Une étape venait d'être franchie. L'idée d'une directive administrative pouvant modifier la nature des programmes existants venait d'être acceptée. Les comités confessionnels du Conseil supérieur de l'Éducation avaient par ce biais été court-circuités. En fait la Direction générale de l'enseignement élémentaire et secondaire venait d'officialiser une directive de programme sans qu'il fût nécessaire d'obtenir l'aval complet des comités confessionnels puisqu'il s'agissait seulement d'une interprétation des « anciens » programmes. La vigilance reprit le dessus plus tard. Les « anciens » programmes furent dûment cités par la suite dans la directive annuelle concernant le régime pédagogique du primaire. Cependant, l'orientation nouvelle était préservée par la référence à la directive de 1971. De cette manière, les technocrates étaient satisfaits. On sauvait la forme tout en conservant l'esprit! A la limite, on pouvait s'asseoir sur le passé! Mais en 1971, je peux dire que la seule force de la consultation et la détermination dans le travail en profondeur ont eu raison de l'appareil administratif. La légitimité des uns valaient bien celle des autres!

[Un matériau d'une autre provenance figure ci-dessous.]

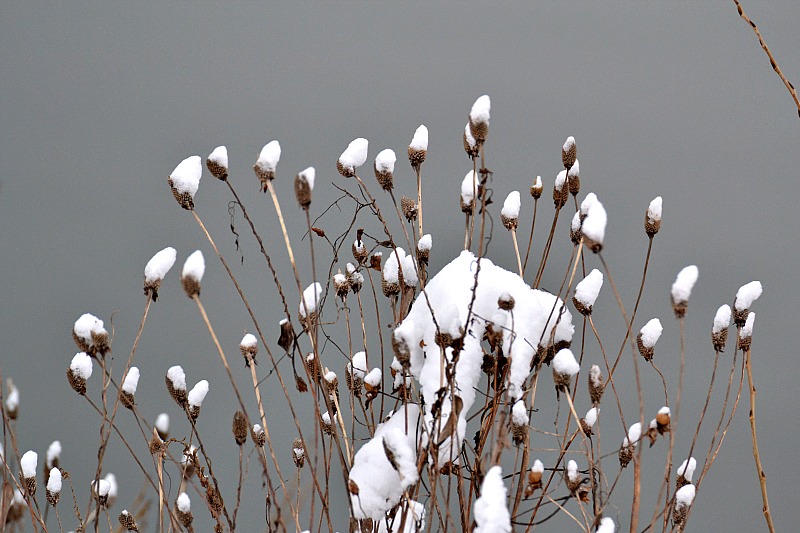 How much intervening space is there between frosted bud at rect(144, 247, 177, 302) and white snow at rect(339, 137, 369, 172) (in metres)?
0.20

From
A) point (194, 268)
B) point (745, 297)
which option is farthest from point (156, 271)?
point (745, 297)

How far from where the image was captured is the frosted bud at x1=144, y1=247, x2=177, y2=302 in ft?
2.33

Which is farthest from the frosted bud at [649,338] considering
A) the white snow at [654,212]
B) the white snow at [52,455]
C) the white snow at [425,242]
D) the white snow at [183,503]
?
the white snow at [52,455]

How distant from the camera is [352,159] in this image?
0.81m

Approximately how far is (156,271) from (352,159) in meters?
0.23

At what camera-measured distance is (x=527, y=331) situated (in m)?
0.83

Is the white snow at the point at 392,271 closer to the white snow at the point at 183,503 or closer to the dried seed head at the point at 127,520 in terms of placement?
the white snow at the point at 183,503

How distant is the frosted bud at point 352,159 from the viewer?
80cm

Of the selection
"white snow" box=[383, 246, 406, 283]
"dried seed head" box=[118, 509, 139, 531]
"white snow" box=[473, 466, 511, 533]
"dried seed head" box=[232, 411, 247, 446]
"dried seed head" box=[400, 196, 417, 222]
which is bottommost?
"white snow" box=[473, 466, 511, 533]

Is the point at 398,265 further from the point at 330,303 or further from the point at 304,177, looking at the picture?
the point at 330,303

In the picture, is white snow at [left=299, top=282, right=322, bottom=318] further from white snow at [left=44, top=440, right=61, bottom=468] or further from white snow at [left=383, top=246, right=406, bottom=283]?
white snow at [left=44, top=440, right=61, bottom=468]

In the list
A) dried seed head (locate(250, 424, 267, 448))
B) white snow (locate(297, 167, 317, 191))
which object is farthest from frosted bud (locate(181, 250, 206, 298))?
dried seed head (locate(250, 424, 267, 448))

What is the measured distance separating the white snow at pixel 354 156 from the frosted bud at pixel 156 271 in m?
0.20

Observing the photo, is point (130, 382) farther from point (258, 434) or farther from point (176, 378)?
point (258, 434) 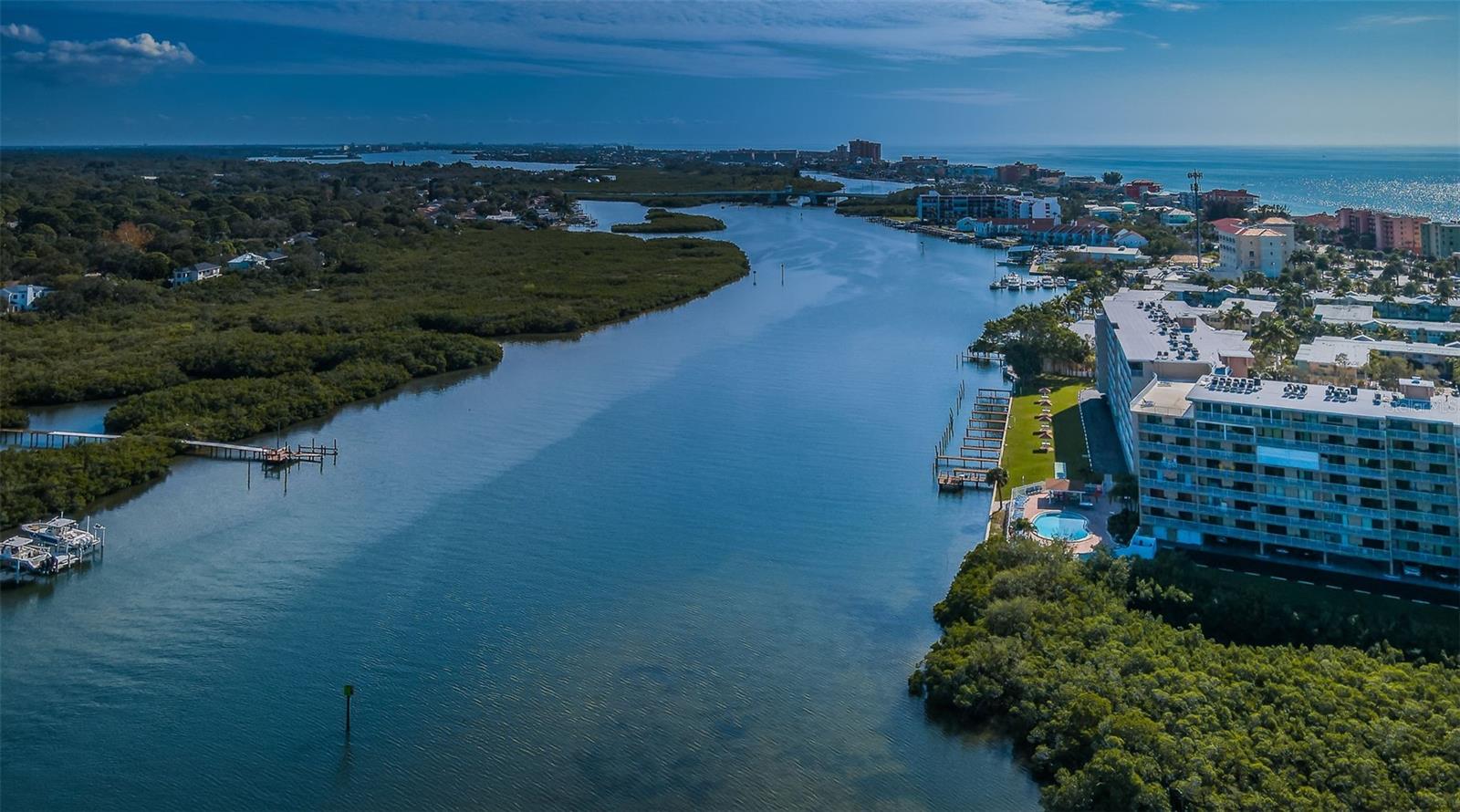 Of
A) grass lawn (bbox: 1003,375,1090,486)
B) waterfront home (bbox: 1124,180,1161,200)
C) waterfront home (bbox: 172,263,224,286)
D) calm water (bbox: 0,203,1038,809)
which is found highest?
waterfront home (bbox: 1124,180,1161,200)

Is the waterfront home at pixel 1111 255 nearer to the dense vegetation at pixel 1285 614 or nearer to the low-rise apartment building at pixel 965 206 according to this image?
the low-rise apartment building at pixel 965 206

L'Orientation nouvelle des sciences humaines à l'élémentaire était devenue le document officiel du ministère de l'Éducation. Les commissions scolaires savaient maintenant l'orientation qu'elles devaient prendre face aux sciences humaines. Il n'était plus possible de reculer. C'est alors que l'opération « agents de développement pédagogique » première vague a pu produire une trouée remarqua-ble. Le chan-tier était vaste et l'enthousiasme très grand. Les Pauline Bédard, les Mireille Bélair, les Gisèle Brûlé, les Maurice Villeneuve, les Brian Maddock, les Yves Lenoir et les Gilles Berger ont mis toutes leurs énergies à la réalisation des objectifs pédagogiques des sciences humaines. Je me souviens de ces discussions sur les sciences humaines à l'école Notre-Dame-de-Pitié, à Québec, dans les aéroports et jusque dans les écoles primaires où l'on discutait ferme, dans l'amitié et la camaraderie. Ce groupe de femmes et d'hommes n'aurait pas fait ce qu'il a fait sans ce sentiment de respect et de fraternité.